Required work
In the records below, find the line containing "HERMES Sandals 222000ZH", then print it and every following line exactly, through the last, without pictures.

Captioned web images
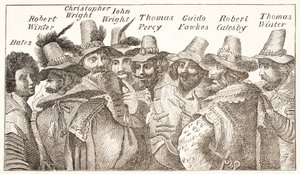 The Gunpowder Plot Conspirators, efter en gravyr från 1606 av English School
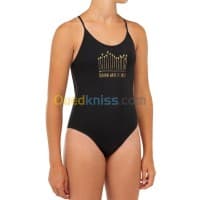 MAILLOT DECATHLON DE BAIN 1 PIÈCE 100 NOIR — vignette 2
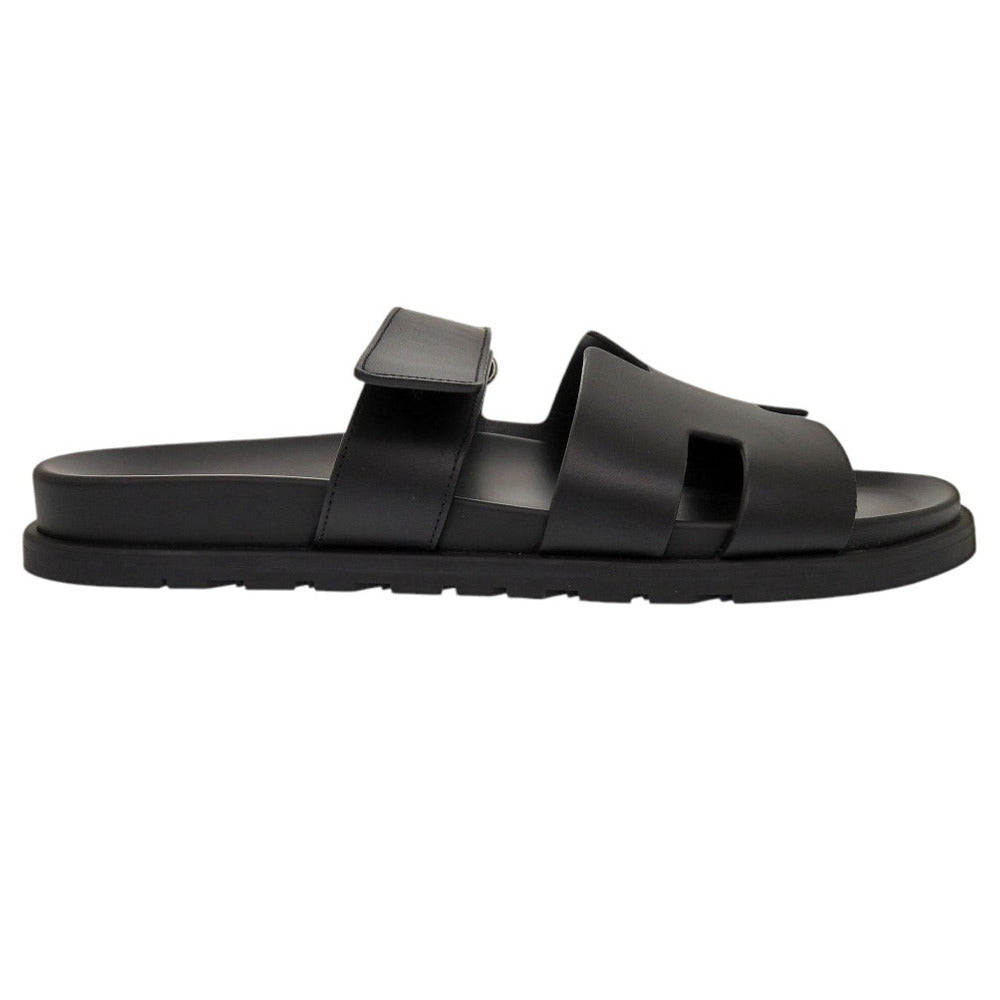 HERMES Sandals 222000ZH Calfskin, Chevre black Shipre mens 44 Used
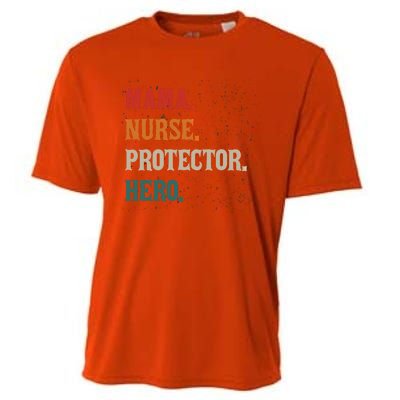 Mama Nurse Protector Hero Mom Mama Nursing Profession Gift Cooling Performance Crew T-Shirt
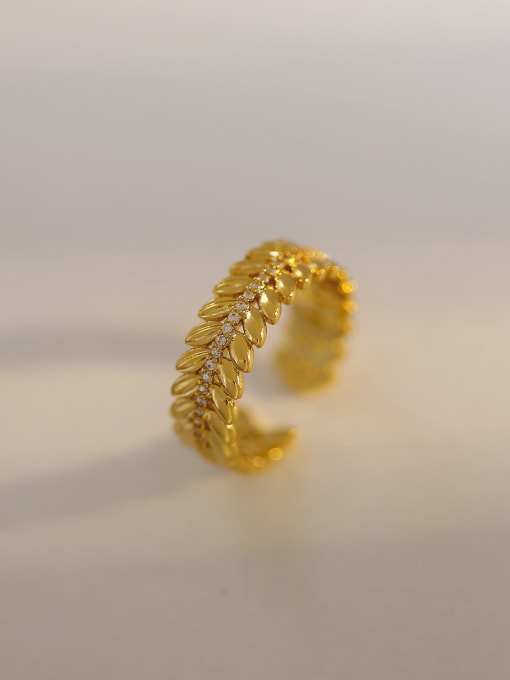 18K gold Brass Wheatear Minimalist Band Ring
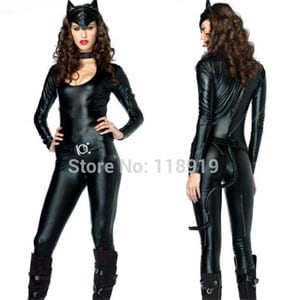 Catwoman Cosplay, Sexy Catwoman Black Bodysuit Belt Head Headgear Eyepatch  Belt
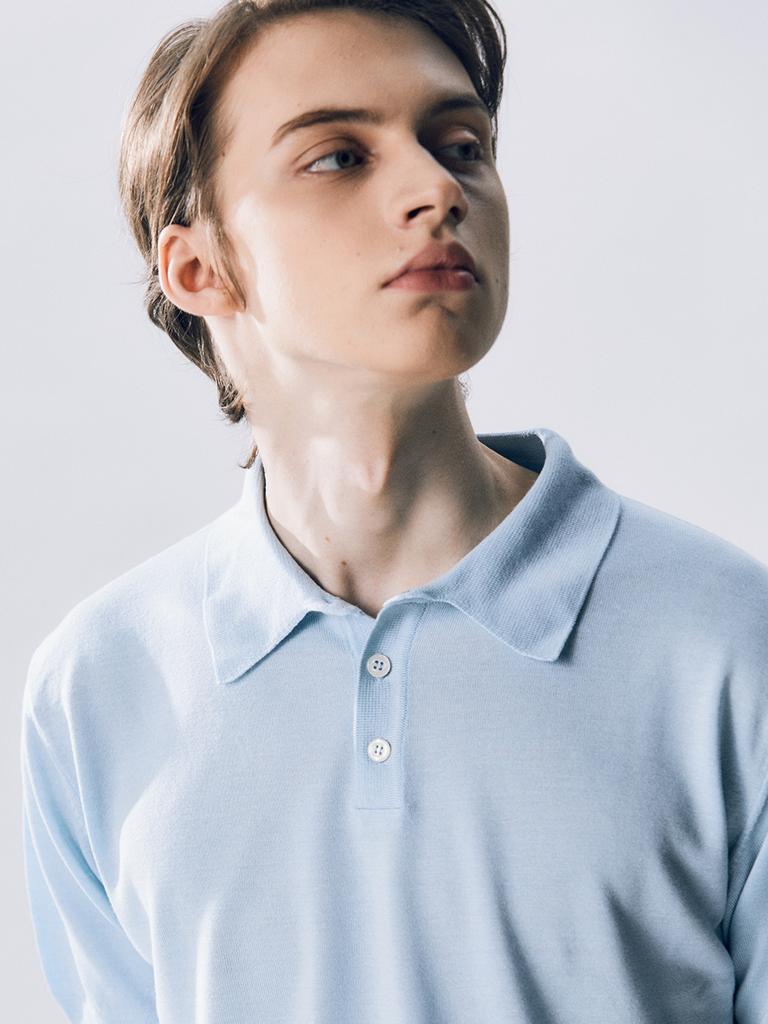 EDWARDMAX Geneva Short-Sleeve Knitwear Blue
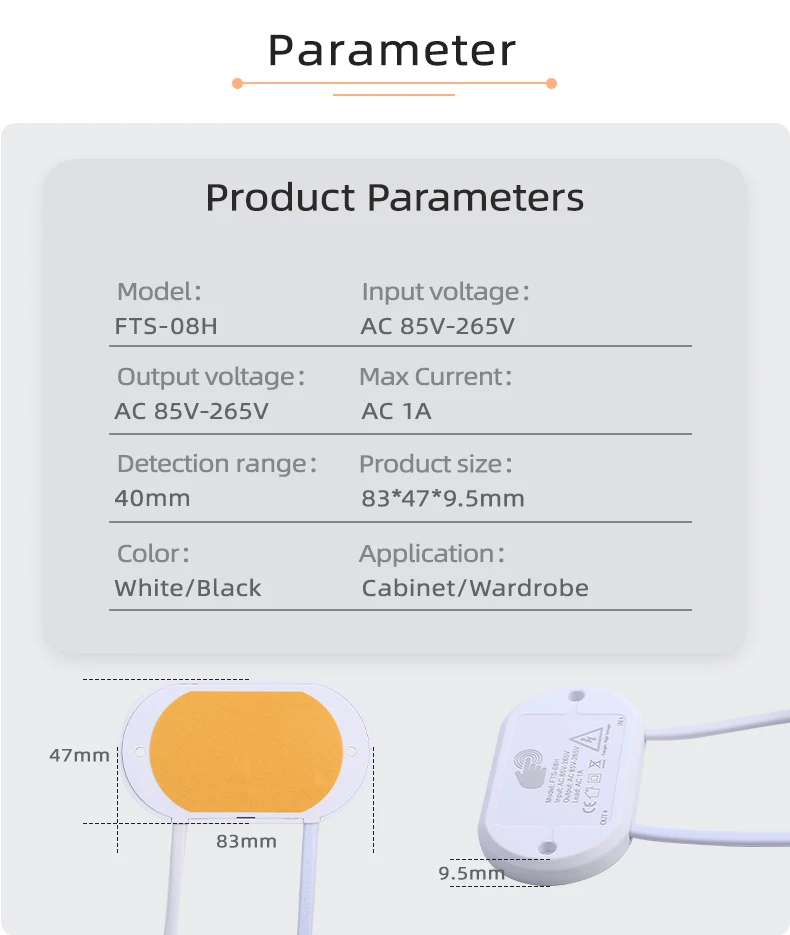 AC-Spannung 85V-265V LED-Licht-Touchschalter, kann 40 mm dickes Holz durchdringen, Dimm-Touch-Controller für Heimbeleuchtung – Detail 3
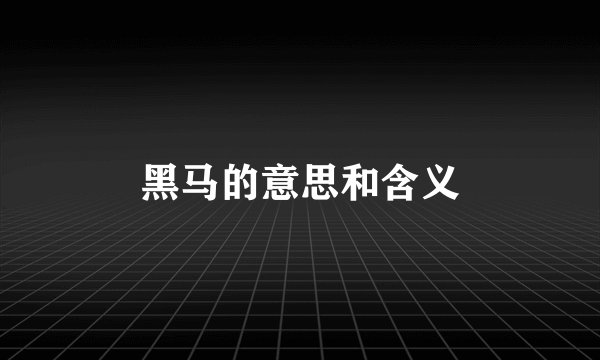 黑马的意思和含义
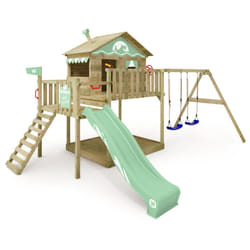 Wickey - Aire de jeux Portique bois Smart Coast avec balançoire et toboggan Maison enfant sur pilotis avec bac à sable, échelle d'escalade &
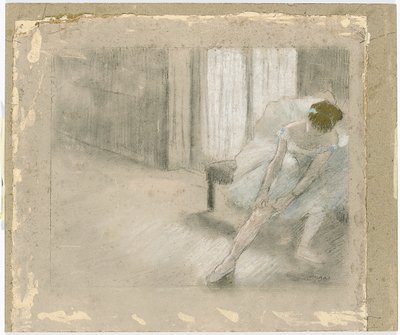 Dancer Seated, Readjusting her Stocking by Edgar Degas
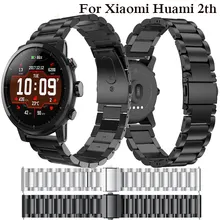 22 мм браслет из нержавеющей стали для оригинального Xiaomi Huami Amazfit Stratos 2 2th pace Ремешок Браслет Смарт-часы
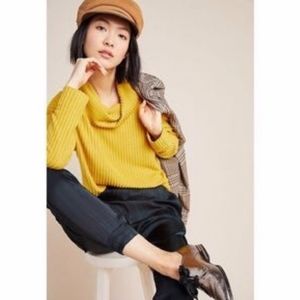 Mauve Anthropologie Vanna Mustard Yellow Cowl Neck Long Sleeve Ribbed Shirt S
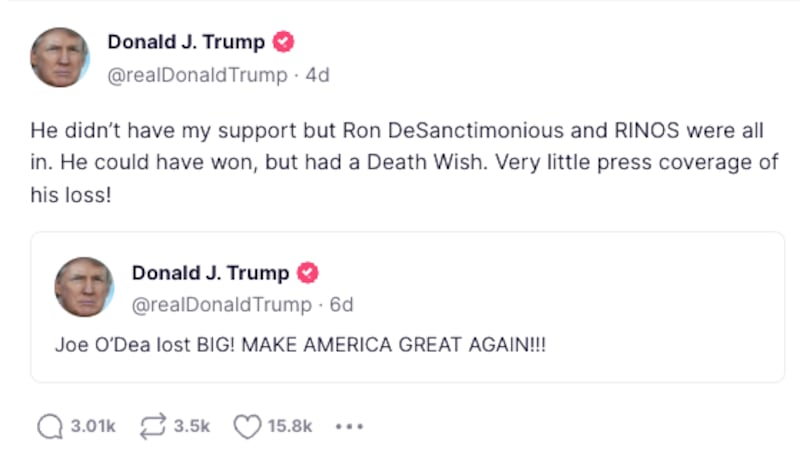 Mr Trump attacks Florida Governor Ron DeSantis, who may be well positioned to duel the former president in the 2024 White House race. Photo: Screengrab from Truth Social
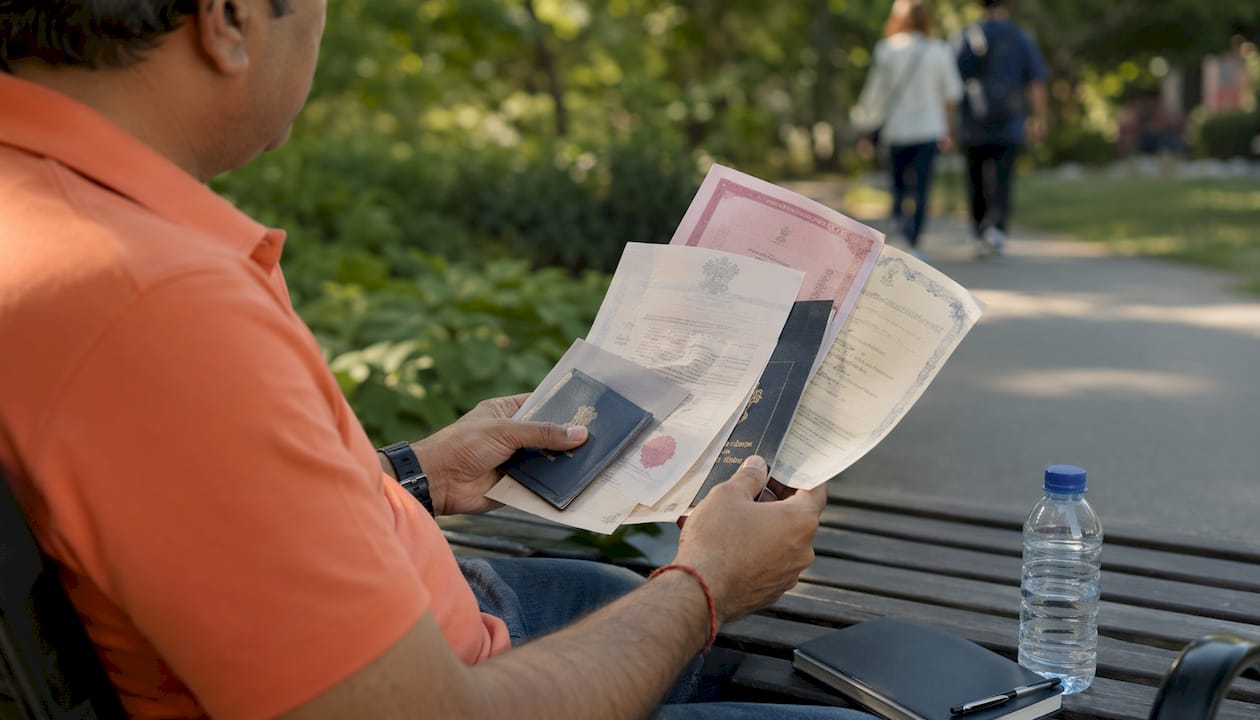 Hands holding translated immigration identity documents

Output for this exercise
 HERMES Sandals 222000ZH Calfskin, Chevre black Shipre mens 44 Used
 Mama Nurse Protector Hero Mom Mama Nursing Profession Gift Cooling Performance Crew T-Shirt
 18K gold Brass Wheatear Minimalist Band Ring
 Catwoman Cosplay, Sexy Catwoman Black Bodysuit Belt Head Headgear Eyepatch  Belt
 EDWARDMAX Geneva Short-Sleeve Knitwear Blue
 AC-Spannung 85V-265V LED-Licht-Touchschalter, kann 40 mm dickes Holz durchdringen, Dimm-Touch-Controller für Heimbeleuchtung – Detail 3
 黑马的意思和含义
 Wickey - Aire de jeux Portique bois Smart Coast avec balançoire et toboggan Maison enfant sur pilotis avec bac à sable, échelle d'escalade &
 Dancer Seated, Readjusting her Stocking by Edgar Degas
 22 мм браслет из нержавеющей стали для оригинального Xiaomi Huami Amazfit Stratos 2 2th pace Ремешок Браслет Смарт-часы
 Mauve Anthropologie Vanna Mustard Yellow Cowl Neck Long Sleeve Ribbed Shirt S
 Mr Trump attacks Florida Governor Ron DeSantis, who may be well positioned to duel the former president in the 2024 White House race. Photo: Screengrab from Truth Social
 Hands holding translated immigration identity documents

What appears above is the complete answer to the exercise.